Once the data has been read, print it back in full, exactly.

START SOURCE MATERIAL

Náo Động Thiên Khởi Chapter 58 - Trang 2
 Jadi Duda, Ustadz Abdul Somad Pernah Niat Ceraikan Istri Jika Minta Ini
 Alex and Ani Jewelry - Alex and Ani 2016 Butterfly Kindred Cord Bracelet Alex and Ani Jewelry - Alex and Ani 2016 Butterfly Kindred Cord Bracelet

END SOURCE MATERIAL

ANSWER SPACE =
Náo Động Thiên Khởi Chapter 58 - Trang 2
 Jadi Duda, Ustadz Abdul Somad Pernah Niat Ceraikan Istri Jika Minta Ini
 Alex and Ani Jewelry - Alex and Ani 2016 Butterfly Kindred Cord Bracelet Alex and Ani Jewelry - Alex and Ani 2016 Butterfly Kindred Cord Bracelet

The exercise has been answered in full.